De Peter Hossli
Le 26 septembre 1960 à Chicago, un costume mal choisi a influé dramatiquement sur la carrière d’un homme. Richard Nixon, alors vice-président et candidat à la Maison Blanche, avait opté pour un costume gris. Il porta ce costume lors d’un débat télévisé en direct contre son adversaire, John F. Kennedy. Dans leurs salons, les Américains regardaient défiler les images en noir et blanc. La veste grise de Nixon et le décor du studio apparaissaient ton sur ton. Kennedy avait quant à lui choisi un blazer bleu foncé, de sorte que sa silhouette ressortait à l’écran. Nixon, tel un caméléon, se fondait dans le décor.
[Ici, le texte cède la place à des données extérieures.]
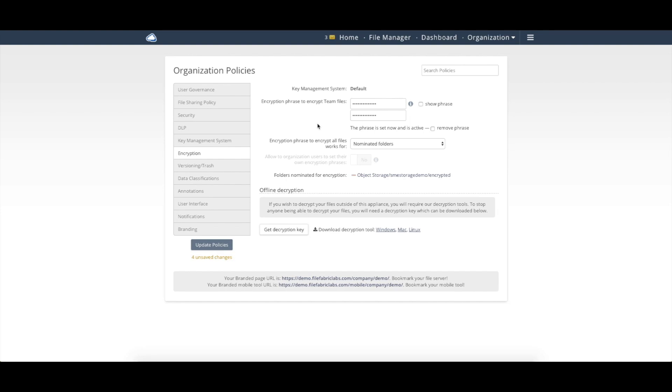or if you're using object storage with the ability to do bucket level encryption or things like SSE-C, we can fully support that. So that would allow the data being encrypted automatically on the backend system,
Mais ce n’est pas tout. Richard Nixon refusa tout maquillage. Pâle, la sueur coulant sur son visage, il semblait ne pas s’être rasé. John. F. Kennedy s’était fait poudrer dans les coulisses. Il avait l’air jeune et de bonne humeur, face à un public d’environ 70 millions de spectateurs – les deux tiers de la population des Etats-Unis qui s’apprêtait, début novembre, à élire leur président.
La majorité devait décider par la suite que Kennedy avait remporté ce premier débat télévisé en direct entre deux candidats à la présidence. Non pas parce qu’il avait de meilleurs arguments, car ceux qui avaient suivi le débat à la radio ont donné Nixon vainqueur. Mais John F. Kennedy avait meilleure mine, et il était parfaitement télégénique. Lors des débats suivants, Richard Nixon a certes amélioré son apparence, mais il n’est pas parvenu à effacer la première impression produite sur les électeurs. Au début du mois de novembre, il s’inclina devant son adversaire avec 120’000 voix d’écart. Les historiens en sont tous convaincus: ce premier débat a été décisif.
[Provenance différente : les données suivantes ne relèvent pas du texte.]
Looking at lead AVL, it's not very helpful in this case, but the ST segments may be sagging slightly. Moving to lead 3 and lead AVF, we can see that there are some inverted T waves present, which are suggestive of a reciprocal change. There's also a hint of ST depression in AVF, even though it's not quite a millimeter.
Kennedy avait compris l’importance du rôle que pouvait jouer la télévision. Neuf foyers sur dix possédaient déjà leur propre appareil, alors que dix ans auparavant, ils étaient à peine 11%.
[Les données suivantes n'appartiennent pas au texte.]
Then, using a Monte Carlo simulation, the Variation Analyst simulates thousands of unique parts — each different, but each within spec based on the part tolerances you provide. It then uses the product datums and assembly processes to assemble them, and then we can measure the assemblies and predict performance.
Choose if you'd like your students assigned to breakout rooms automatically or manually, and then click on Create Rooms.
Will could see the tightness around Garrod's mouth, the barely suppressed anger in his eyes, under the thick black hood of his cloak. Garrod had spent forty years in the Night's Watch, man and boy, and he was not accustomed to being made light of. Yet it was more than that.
Cet épisode illustre bien à quel point, aux Etats-Unis, les présidentielles sont médiatisées. Le plus souvent, le gagnant n’est pas celui qui donne une première impression positive dans tous les médias. La victoire revient à celui qui maîtrise le mieux le plus grand nombre de technologies.
Barack Obama s’est ainsi hissé ainsi à la présidence en 2008 grâce aux médias sociaux. Bill Clinton, lui, avait fait jouer la télévision par câble en sa faveur en 1992. Et, dans les années trente, Franklin D. Roosevelt avait utilisé la radio pour cacher son hémiplégie. En 1960, John F. Kennedy, alors âgé de 43 ans, proposa à Richard Nixon un débat télévisé. Les conseillers de celui-ci, sentant le danger venir, l’avaient mis en garde. Le candidat n’a pourtant pas tenu compte de leurs avertissements. Il pensait que l’expérience acquise à la radio lui suffirait.
Kennedy avait une longueur d’avance: il avait compris que la télévision n’était pas la radio. La veille du débat, il s’était rendu au studio, s’était fait montrer les caméras et avait inspecté les coulisses, tandis que Richard Nixon restait à la maison. Le jour J, John F. Kennedy regarda droit vers la caméra et s’adressa ainsi directement aux spectateurs. Richard Nixon fit au contraire comme à la radio: il se tourna vers son interlocuteur et se détourna ainsi de ses électeurs.
Au début du XIXe siècle, le grand public américain a découvert les élections à travers de dessins, puis de tracts et de journaux. Des photos furent publiées pour la première fois par la presse américaine en 1897 et leur influence ne cessa de s’affirmer jusqu’à nos jours. C’est sans doute le candidat républicain William McKinley qui en fit à l’époque l’usage le plus marquant. Il voyagea à travers tout le pays et ne manqua pas une occasion de se faire photographier, seul ou entouré d’une foule de gens. Les clichés furent imprimés sur plus de 100 millions de tracts. Il dépensa ainsi six millions de dollars, vingt fois plus que son adversaire démocrate.
Les assistants du candidat n’ont pas distribué les tracts à tous vents. Le stratège politique de McKinley, Mark Hanna, détermina dans quelles circonscriptions il fallait en priorité aller pêcher des voix. Il mit au point une tactique que des générations de stratèges continuèrent à perfectionner après lui: une publicité ciblée définie en fonction du public visé.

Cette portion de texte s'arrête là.